Installing the Package
sudo apt update sudo apt install kannel kannel-tools
kannel pulls in a minimal set of libraries; kannel-tools gives you handy utilities like sendsms. The Debian repo ships Kannel 1.3.8 on Buster and 1.4.x on Bullseye, which is perfectly fine for most use‑cases.
If your distribution’s package is too old (I had to compile 1.5.0 for a carrier that only accepted the newer SMPP spec), you can add bullseye-backports or build from source:
sudo apt install git build-essential libssl-dev libxml2-dev zlib1g-dev git clone https://github.com/boundlessgeo/kannel.git cd kannel make sudo make install
Configuring the Kannel SMS Gateway
Create a backup of the default config first:
sudo cp /etc/kannel/kannel.conf /etc/kannel/kannel.conf.orig
Open /etc/kannel/kannel.conf in your favorite editor. The file is long, but you only need to tweak a handful of lines.
1. Set a meaningful global section – name the gateway and enable debug logs:
[global] debug-level = 6 log-file = /var/log/kannel/kannel.log
2. Add an SMPP connection (smsc) – replace placeholders with your provider’s credentials:
[smsc] smsc-id = mycarrier host = smpp.mycarrier.com port = 2775 system-id = USER123 password = PASS456 type = smsc
3. Define an HTTP service (http-in) – this is how you’ll send SMS via REST:
[http-in] service-url = /sendsms handler-type = cgi-bin cgi-bin-path = /usr/local/bin/sendsms.cgi auth-secret = supersecret
Why each change matters:
- debug-level 6 prints everything; it’s invaluable when Kannel refuses to start.
- The SMPP section tells Kannel where to hand off messages.
- The HTTP service exposes a clean endpoint that any script can hit.
Starting the Service
sudo systemctl daemon-reload sudo systemctl enable kannel sudo systemctl start kannel
Check the status:
systemctl status kannel
If you see “active (running)”, congratulations – Kannel is listening on port 13000 for HTTP requests and 2775 for SMPP.
Sending a Test SMS
With the HTTP API exposed, you can hit it from curl or any scripting language:
curl -k "https://localhost:13000/sendsms?username=admin&password=supersecret&to=15551234567&text=Hello%20World"
If everything is wired correctly, the carrier should receive “Hello World” within seconds.
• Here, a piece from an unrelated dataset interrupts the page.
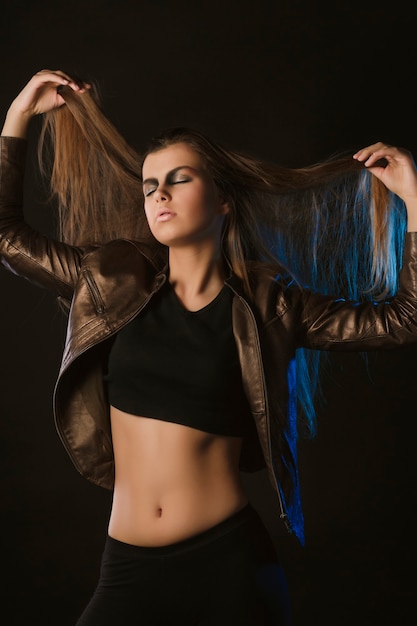 Pretty brunette model with long hair in leather jacket  at studio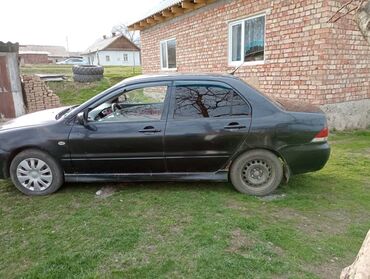 Mitsubishi: Mitsubishi Lancer: 2004 г., 1.6 л, Механика, Бензин, Седан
If you get an error like “Invalid authentication token”, double‑check auth-secret in the HTTP config.
Common Pitfalls & How I Fixed Them
I remember a week ago my Kannel instance would start, but no SMS went through. The culprit turned out to be a stray comma in the SMPP section of kannel.conf. Kannel silently logged “parse error” and dropped the connection.
1. Missing dependencies – Running apt install again after adding kannel-tools often fixes “sendsms: command not found”.
2. Firewall blocks – On many cloud hosts, you must open 13000/2775 in both inbound and outbound rules.
3. Permissions on /var/log/kannel/ – If logs aren’t writing, run sudo chown -R kannel:kannel /var/log/kannel.
4. Wrong SMPP version – Some carriers require v3.4; set smpp-version = 3_4 in the smsc section.
Going Further
If you need to route messages through multiple carriers or add advanced features like message queuing, look into Kannel’s smsbox and kqueue modules. They’re a bit more involved but give you full control over delivery status and retries.
For those who want isolation, running Kannel in Docker is straightforward:
docker run -d --name kannel \ -p 13000:13000 -p 2775:2775 \ -v /path/to/kannel.conf:/etc/kannel/kannel.conf \ boundlessgeo/kannel
Just replace the volume path with your actual config. Docker keeps the host untouched, which is handy for testing.